Depuis le vote, Álvaro a été invité à rencontrer Jupiter, à la demande du gouvernement de la région d’Antioquia. « Pourquoi je ne suis pas allé ? Le gouvernement nous dit : allez parler aux entreprises. Il est juge et partie. Mais celui qui octroie la concession n’a jamais mis les pieds à Jardín. Ils ne savent pas ce qu’ils vont détruire. » Álvaro a la détermination, German l’argumentation. « L’extraction apporte des emplois ? Oui, au début. Comme elles ne connaissent pas le territoire, les entreprises ont besoin des gens d’ici. Un paysan de Jardín gagne 20 à 25’000 pesos par jour [entre 10 et 13 francs suisses] : elles peuvent lui offrir le triple. Cela crée une inflation locale : les prix montent, mais pas tous les salaires, ce qui paupérise une partie de la population. Surtout, quand elles n’en ont plus besoin, elles ne vont plus employer nos gens, car ils n’ont pas les connaissances nécessaires, et elles ne vont pas les former. Seulement, entre temps, ces personnes auront perdu leur activité agricole. »
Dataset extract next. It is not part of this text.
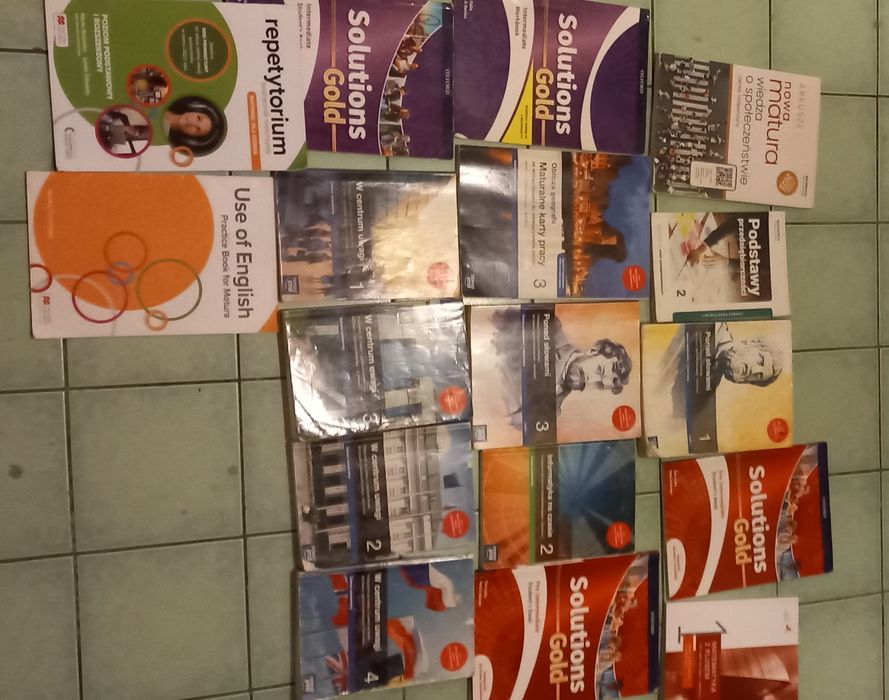 Książki do 2,3,4 klasy liceum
Álvaro résume, plus simplement. « Les ressources naturelles ne sont pas renouvelables. Et qu’est-ce que ces projets amènent, en général ? La prostitution, les drogues, les paramilitaires et la guérilla. » Difficile de lui donner tort : si la région du Bajo Cauca, au nord-est du département, est si violente (209 homicides entre janvier et octobre dans les localités de Segovia et Remedios), c’est bien parce qu’elle vit des mines, légales ou illégales, comme les bandes armées qui se battent pour leur contrôle.
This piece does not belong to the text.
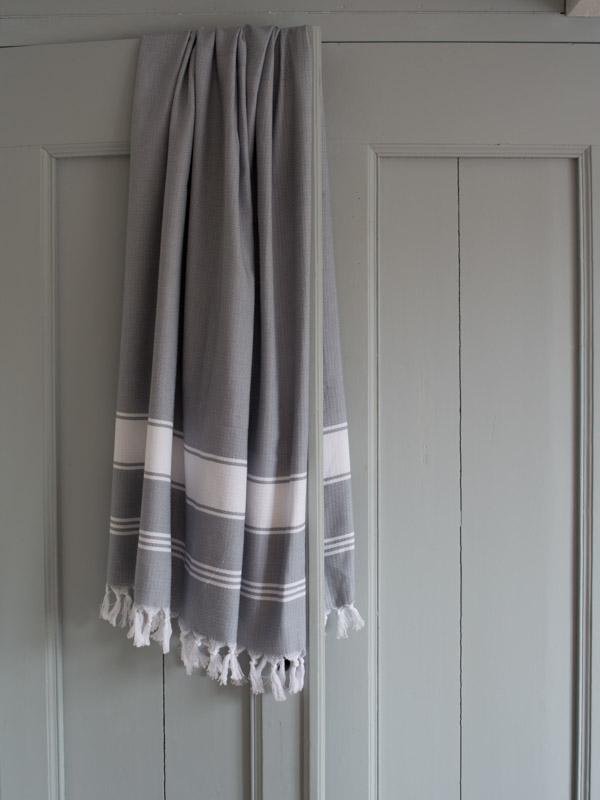 Honeycomb Towel Grey/white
L’heure du repas de midi est arrivée depuis longtemps. J’accompagne Álvaro hors de la mairie : il se fait aborder cinq ou six fois sur les cinquante mètres qui la séparent de la place. Il me montre, sur l’un de ses deux Blackberry, les photos de sa femme et de sa fille. « Qu’on voie l’église sur ta photo, elle est représentative de ce qu’est Jardín », glisse-t-il, toujours en campagne. Moins représentative, cependant, que les collines vertes qui s’étendent à perte de vue autour de nous. Les habitants de ce coin de terre ont de la chance. Ils peuvent se permettre de refuser une industrie que d’autres voient depuis longtemps comme la seule façon de survivre. Le jardin est non seulement riche de ses fruits, de son café et de ses truites, mais aussi de sa paix et de sa beauté, qui poussent les visiteurs à rester plus longtemps que prévu, comme ces deux scribouillards qui tapent sur leur clavier, sur une petite table de la place, tandis que la lune se lève. Ils écoutent une cumbia filtrer du bar voisin, et se disent que le jardin est préservé, pour l’instant.